Zhou also made comparisons with the Libra stablecoin by Facebook and claimed that traditional currencies wouldn’t be replaced by the digital yuan. He said that the CBDC could have a place in investments or trading, but it wouldn’t challenge any fiat currencies. Instead, he said that the purpose of using the digital yuan was to enhance accountability and transparency in the payments space. The asset will also boost foreign exchange and cross-border payments, areas where China is currently lagging. Even though Zhou has attempted to paint the Chinese CBDC as a friendly asset, the digital yuan has already ruffled some feathers in the United States.
The National Intelligence Director, John Ratcliffe had sent a letter to the Securities and Exchange Commission (SEC) last week regarding the national security threat posed by the digital yuan. According to the report, Ratcliffe offered to have his staff brief Jay Clayton, the Chairman of the SEC, about the national security issues that could surface due to China’s CBDC. Ratcliffe also said that another potential problem was the dominance of the country in crypto mining.
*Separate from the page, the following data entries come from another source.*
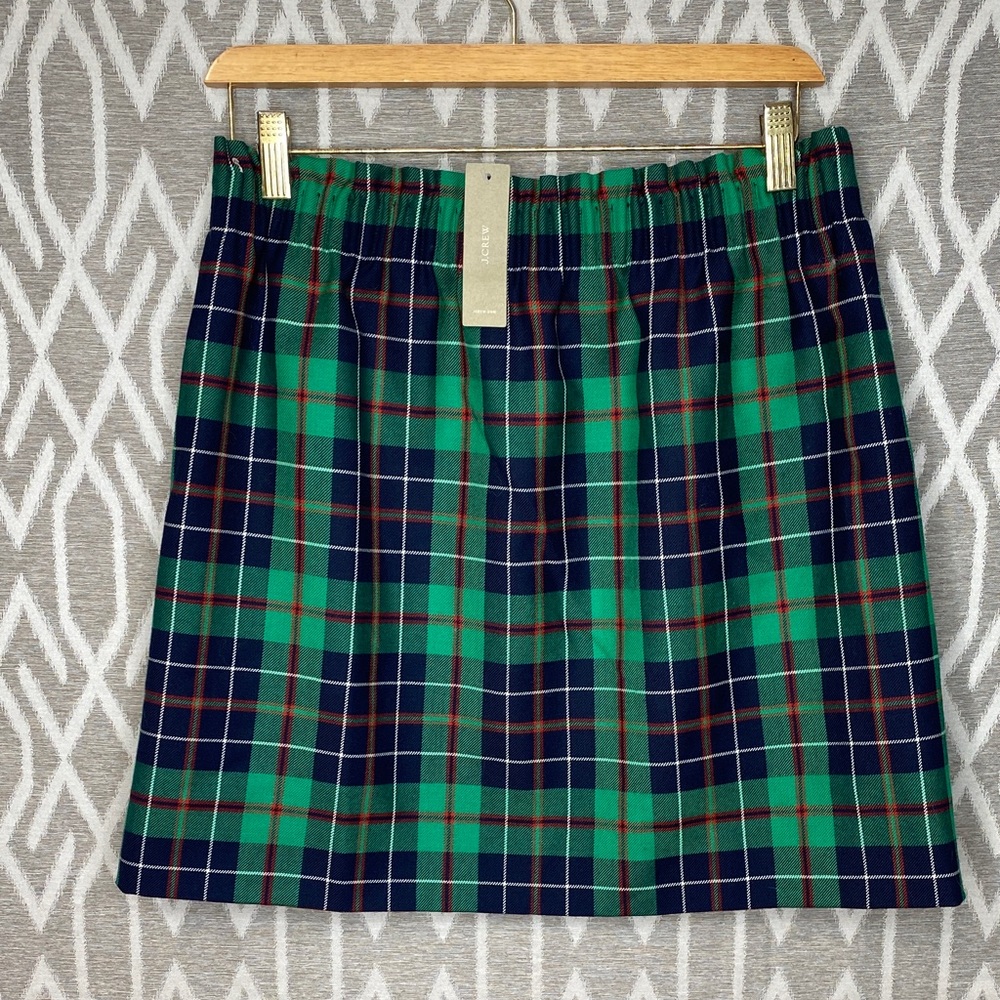 J. Crew Tartan Mini Skirt in Green & Navy Size: 4 NWT - Picture 3 of 5
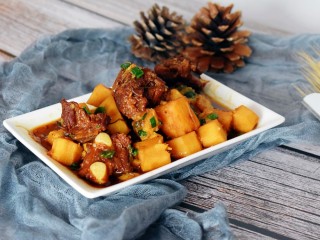 20、排骨烧山药 （电饭煲版）,开吃喽！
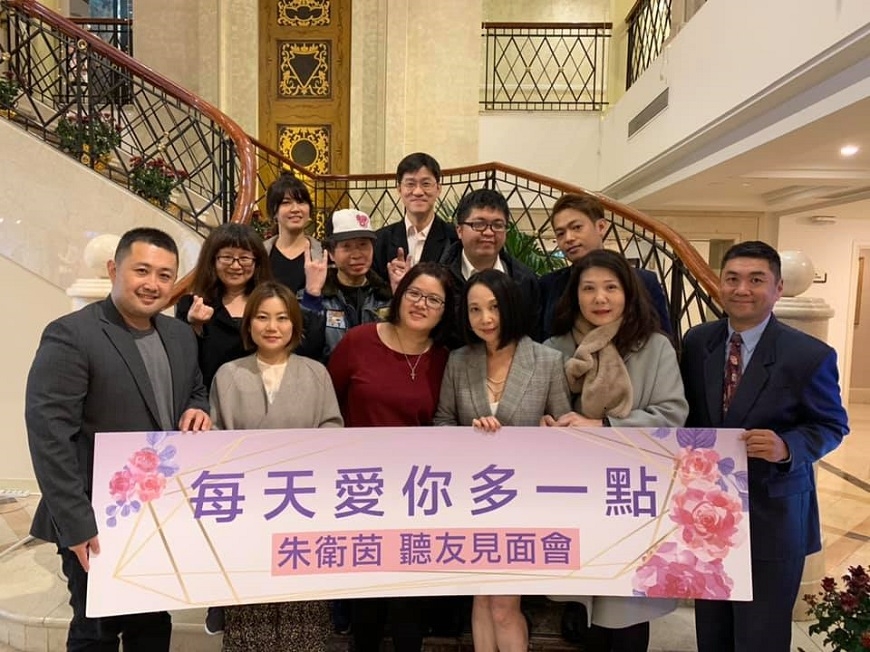 走出失婚與憂鬱，朱衛茵：50後懂得分享，讓自己成為一本好看的書_img_1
For decades, the dollar has held the position of being the global reserve currency and the greenback is used for settling most international trades. This allows the Federal Reserve to enjoy a great deal of flexibility when it comes to printing money, as there is significant demand for the currency outside of the United States. This reduces the possibility of hyperinflation. However, the dollar’s position in international trade could be threatened by the introduction of a successful digital yuan, as it might see a greater demand in the next few years.